What is needed: Copy exactly the lines from the one containing "Recombinant Phospho-p70 S6" through the last line of the records below, including both, and leave out any pictures.

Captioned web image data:
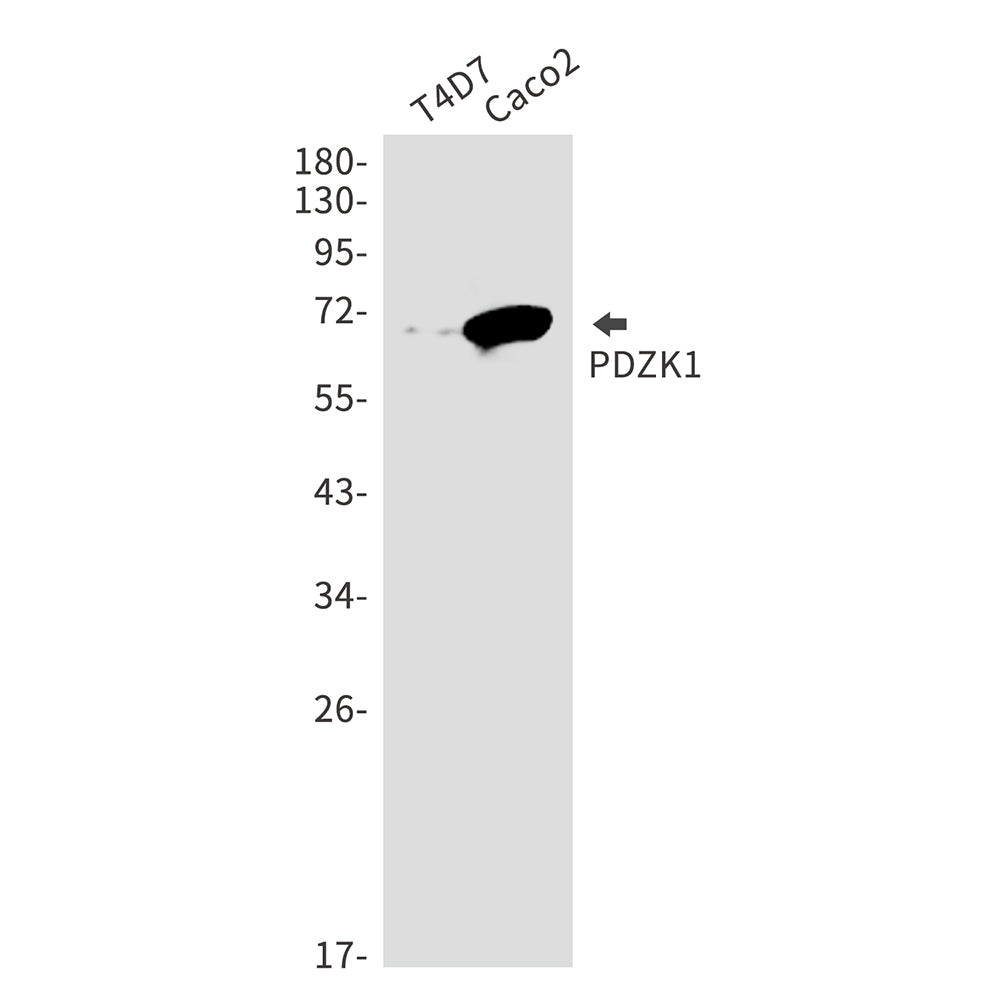 PDZK1 Rabbit Monoclonal Antibody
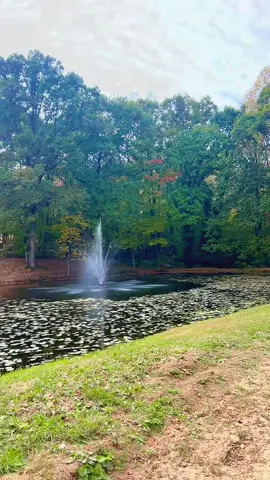 #شعب_الصيني_ماله_حل😂😂 #explore #fypシ゚viral #onthisday 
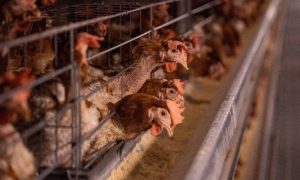 WHO, Bird Flu, Mortality Rate, Human, Animals, Mammals, Animal, Poultry, Chicken, Ducks, Cow, Texas, World Health Organization, Influenza, A(H5N1) virus
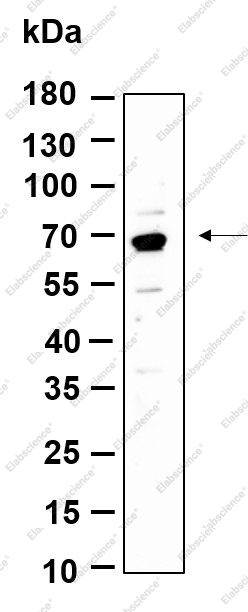 Recombinant Phospho-p70 S6 Kinase (Thr389) Monoclonal Antibody - 1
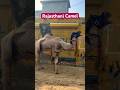 Rajasthan camel  camel camelride rajasthan rajasthanicamel dessert ride viral ytshorts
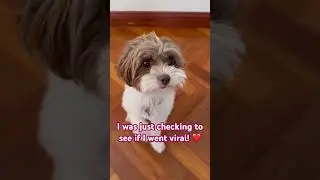 Will you help me go viral! #puppy #dog #pets #cute #funny #animals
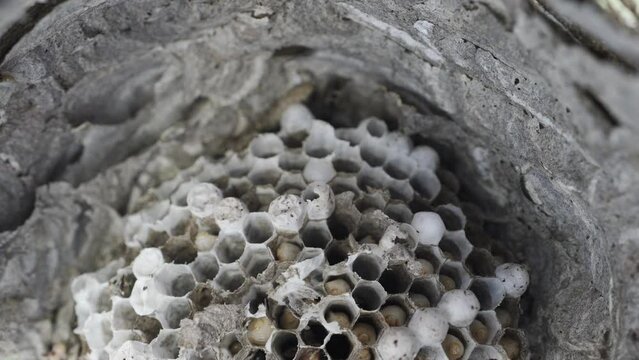 Wasp nest with larvaes moving in the cells, top view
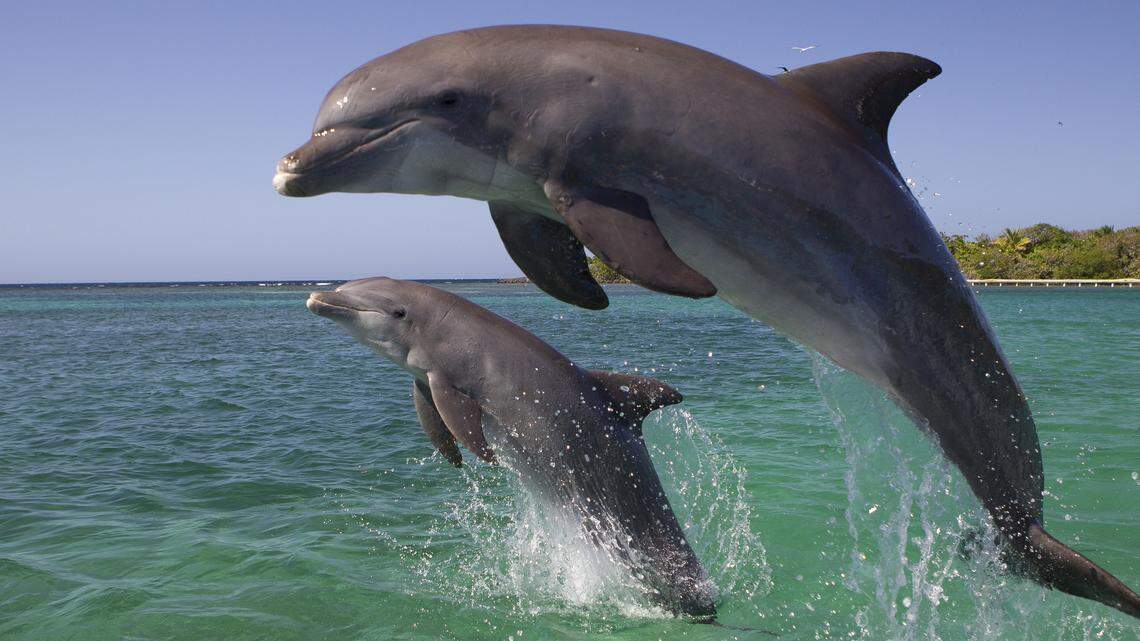 La historia de un hombre de la Florida ‘secuestrado por delfines’ se hace viral, pero no es real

Solution to the exercise:
 Recombinant Phospho-p70 S6 Kinase (Thr389) Monoclonal Antibody - 1
 Rajasthan camel  camel camelride rajasthan rajasthanicamel dessert ride viral ytshorts
 Will you help me go viral! #puppy #dog #pets #cute #funny #animals
 Wasp nest with larvaes moving in the cells, top view
 La historia de un hombre de la Florida ‘secuestrado por delfines’ se hace viral, pero no es real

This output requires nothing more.